> _WHAT THE EXERCISE ASKS_
Your task is to repeat the entries word for word while leaving out the pictures.

> _Short descriptive text snippets_
•••
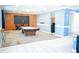 Open game room with pool table, wood accent wall, and seamless flow to adjacent areas at 184 Lake Smart Cir, Winter Haven, FL 33881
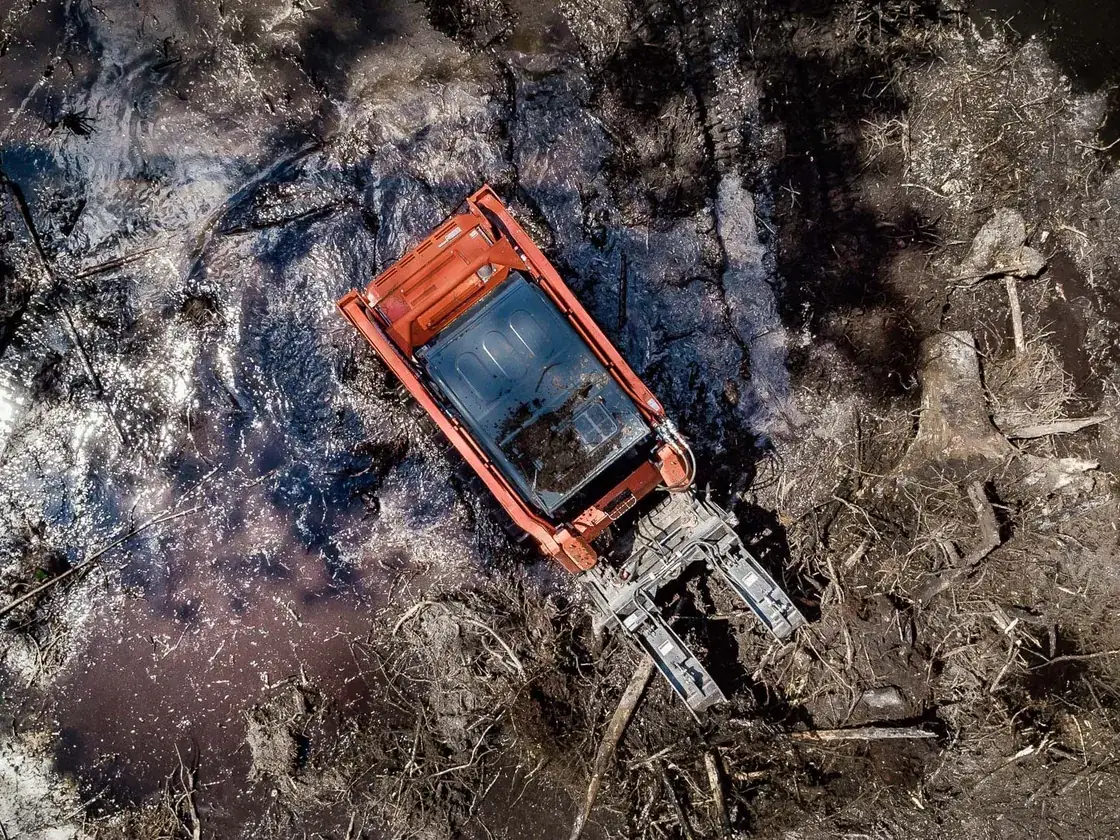Overhead view of a track loader with a tree puller clearing roots in a flooded pond dig, pond construction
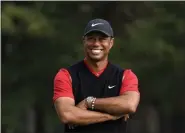  ?? LEE JIN-MAN - THE ASSOCIATED PRESS ?? Tiger Woods of the United States smiles during a winner’s ceremony after winning the Zozo Championsh­ip PGA Tour at the Accordia Golf Narashino country club in Inzai, east of Tokyo, Japan, Monday, Oct. 28, 2019.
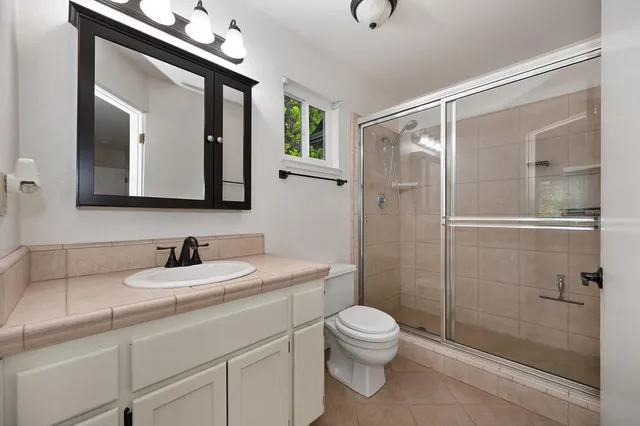 a bathroom with a toilet a sink a glass door a shower a mirror and vanity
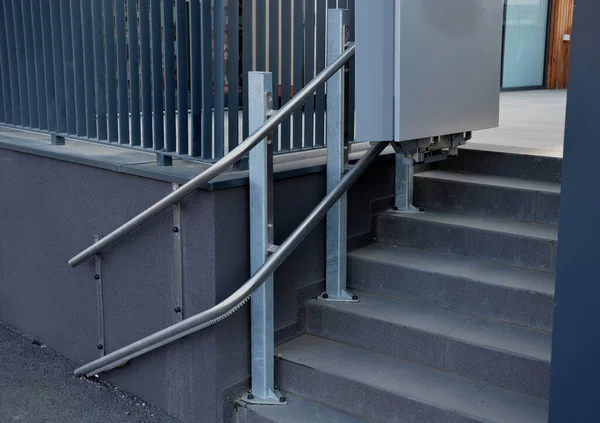 楼梯旁边有一个平台 上面有扶手 供无法通过楼梯障碍物的轮椅使用者使用 电梯把他们拉得更高一点 灰色栏杆 不锈钢 — 图库照片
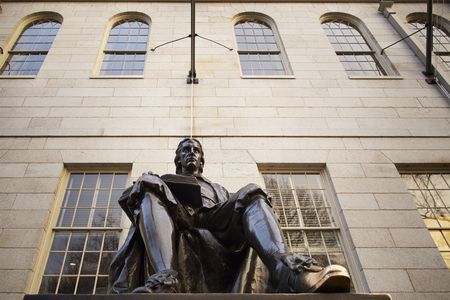 John Harvard statue. Tourists, and aspiring students from all over the world, rub his shoe for good luck.のeditorial素材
•••
> _WRITTEN ANSWER_
 Open game room with pool table, wood accent wall, and seamless flow to adjacent areas at 184 Lake Smart Cir, Winter Haven, FL 33881
Overhead view of a track loader with a tree puller clearing roots in a flooded pond dig, pond construction
  ?? LEE JIN-MAN - THE ASSOCIATED PRESS ?? Tiger Woods of the United States smiles during a winner’s ceremony after winning the Zozo Championsh­ip PGA Tour at the Accordia Golf Narashino country club in Inzai, east of Tokyo, Japan, Monday, Oct. 28, 2019.
 a bathroom with a toilet a sink a glass door a shower a mirror and vanity
 楼梯旁边有一个平台 上面有扶手 供无法通过楼梯障碍物的轮椅使用者使用 电梯把他们拉得更高一点 灰色栏杆 不锈钢 — 图库照片
 John Harvard statue. Tourists, and aspiring students from all over the world, rub his shoe for good luck.のeditorial素材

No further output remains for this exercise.